On the other hand, there are other traders who, faced with the inevitable, have preferred to anticipate. Orlando Gómez, three months ago, downloaded an electronic wallet to learn about the experience of trading with bitcoins, “my expectations are high, so far I have not had transactions, if people have asked me and I tell them that it is easy, only with the phone they make the transfer to me ”, he explains.

The authorities insist that the digital currency will bring opportunities in the short term that must be taken advantage of, such as job creation and financial inclusion for the thousands of people who are outside the formal economy, in addition to opening the door for “ foreign investors in bitcoin ”invest in El Salvador. They also claim that it could reduce the costs of sending remittances from abroad, mainly from the United States, which totaled almost 6 billion dollars in 2020.

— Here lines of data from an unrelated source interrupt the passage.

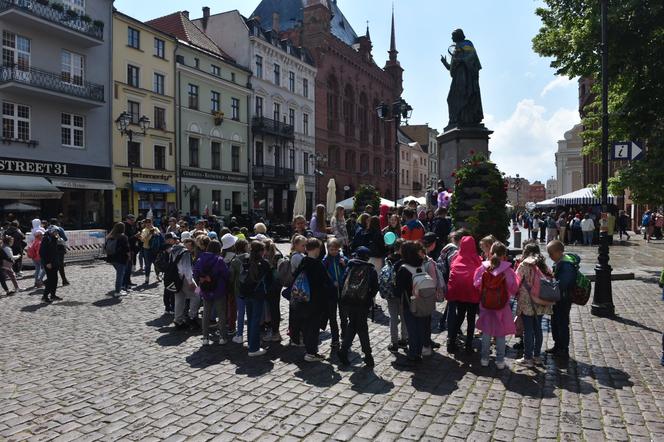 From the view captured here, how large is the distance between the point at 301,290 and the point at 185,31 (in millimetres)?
→ 35811

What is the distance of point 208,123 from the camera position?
36938mm

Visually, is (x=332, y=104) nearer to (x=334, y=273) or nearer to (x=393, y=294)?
(x=334, y=273)

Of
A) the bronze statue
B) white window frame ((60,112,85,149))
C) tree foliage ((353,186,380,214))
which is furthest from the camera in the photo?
white window frame ((60,112,85,149))

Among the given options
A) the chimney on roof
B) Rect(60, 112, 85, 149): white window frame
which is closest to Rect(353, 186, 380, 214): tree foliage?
Rect(60, 112, 85, 149): white window frame

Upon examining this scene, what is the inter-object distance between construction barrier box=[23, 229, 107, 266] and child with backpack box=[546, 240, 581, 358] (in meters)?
16.9

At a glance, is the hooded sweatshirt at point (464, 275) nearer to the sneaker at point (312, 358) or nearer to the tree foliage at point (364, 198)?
the sneaker at point (312, 358)

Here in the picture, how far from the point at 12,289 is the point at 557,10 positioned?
1690 centimetres

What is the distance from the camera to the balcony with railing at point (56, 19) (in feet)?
76.5

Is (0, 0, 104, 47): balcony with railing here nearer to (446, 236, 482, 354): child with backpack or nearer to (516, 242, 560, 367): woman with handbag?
(446, 236, 482, 354): child with backpack

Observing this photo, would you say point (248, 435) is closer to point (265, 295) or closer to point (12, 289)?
point (265, 295)

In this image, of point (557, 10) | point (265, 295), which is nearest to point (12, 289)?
A: point (265, 295)

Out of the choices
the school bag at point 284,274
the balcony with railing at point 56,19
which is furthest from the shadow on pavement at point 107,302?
the balcony with railing at point 56,19

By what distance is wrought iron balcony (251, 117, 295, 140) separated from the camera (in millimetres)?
41147

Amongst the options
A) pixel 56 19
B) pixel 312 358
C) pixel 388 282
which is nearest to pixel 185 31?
pixel 56 19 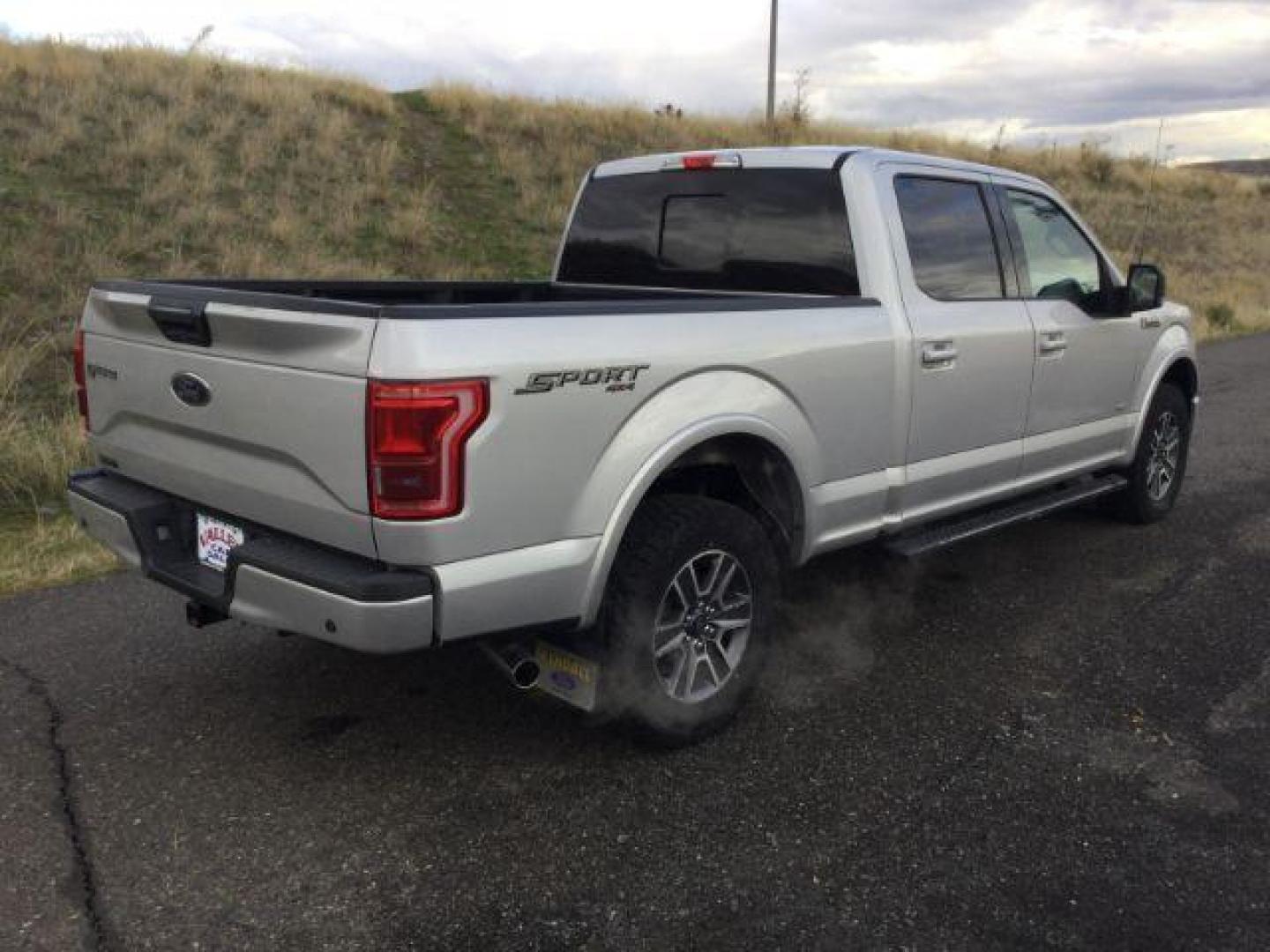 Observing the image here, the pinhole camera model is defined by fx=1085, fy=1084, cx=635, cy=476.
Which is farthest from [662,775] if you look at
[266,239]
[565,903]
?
[266,239]

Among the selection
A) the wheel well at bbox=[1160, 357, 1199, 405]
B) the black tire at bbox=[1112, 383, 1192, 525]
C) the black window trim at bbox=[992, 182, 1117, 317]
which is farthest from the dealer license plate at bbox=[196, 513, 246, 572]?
the wheel well at bbox=[1160, 357, 1199, 405]

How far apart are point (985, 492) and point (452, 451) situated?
9.03ft

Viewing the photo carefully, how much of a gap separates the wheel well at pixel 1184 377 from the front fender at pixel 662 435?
344cm

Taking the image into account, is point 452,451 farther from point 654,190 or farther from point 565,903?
point 654,190

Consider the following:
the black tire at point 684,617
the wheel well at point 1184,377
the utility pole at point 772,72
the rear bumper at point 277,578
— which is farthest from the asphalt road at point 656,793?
the utility pole at point 772,72

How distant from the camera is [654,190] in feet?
14.8

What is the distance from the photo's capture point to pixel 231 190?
13898 mm

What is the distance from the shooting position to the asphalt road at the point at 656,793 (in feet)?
8.63

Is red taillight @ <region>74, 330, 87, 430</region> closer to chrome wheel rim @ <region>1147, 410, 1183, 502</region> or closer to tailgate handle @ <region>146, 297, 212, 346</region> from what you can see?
tailgate handle @ <region>146, 297, 212, 346</region>

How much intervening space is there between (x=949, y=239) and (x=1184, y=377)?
2.57m

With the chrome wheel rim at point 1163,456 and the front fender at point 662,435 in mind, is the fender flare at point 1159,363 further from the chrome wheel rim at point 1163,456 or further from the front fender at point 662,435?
the front fender at point 662,435

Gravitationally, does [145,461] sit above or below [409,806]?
above

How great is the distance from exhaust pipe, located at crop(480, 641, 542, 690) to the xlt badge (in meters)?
0.77

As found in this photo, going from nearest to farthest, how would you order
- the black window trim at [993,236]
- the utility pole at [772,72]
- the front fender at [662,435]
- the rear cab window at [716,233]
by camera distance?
1. the front fender at [662,435]
2. the rear cab window at [716,233]
3. the black window trim at [993,236]
4. the utility pole at [772,72] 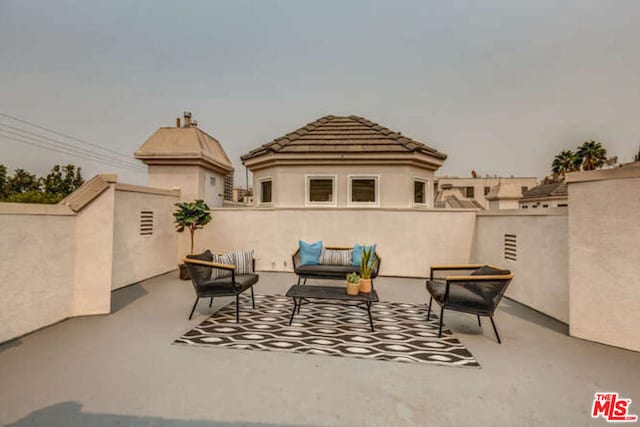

Bukele plays a lot with this daring decision. Only time will tell whether or not bitcoin succeeds in taking root in the fragile Salvadoran economy.

The next country to do this

Following El Salvador, Brazil is expected to be the next country to accept Bitcoin as a currency. Brazilian Federal Deputy Aureo Ribeiro said earlier this week that Bitcoin will soon be the country’s currency and that Brazilians “will soon be able to buy houses, cars, and even McDonald’s with Bitcoin, after its law is approved,” according to Brazilian crypto media portal Livecoins, citing Ribeiro’s interview with local media.

On September 29, Brazil’s Bitcoin bill 2.303/15 was introduced in the Brazilian House of Representatives and passed. The legislation will now be considered in Brazil’s National Congress’s lower body, the Plenary of Chambers of Deputies.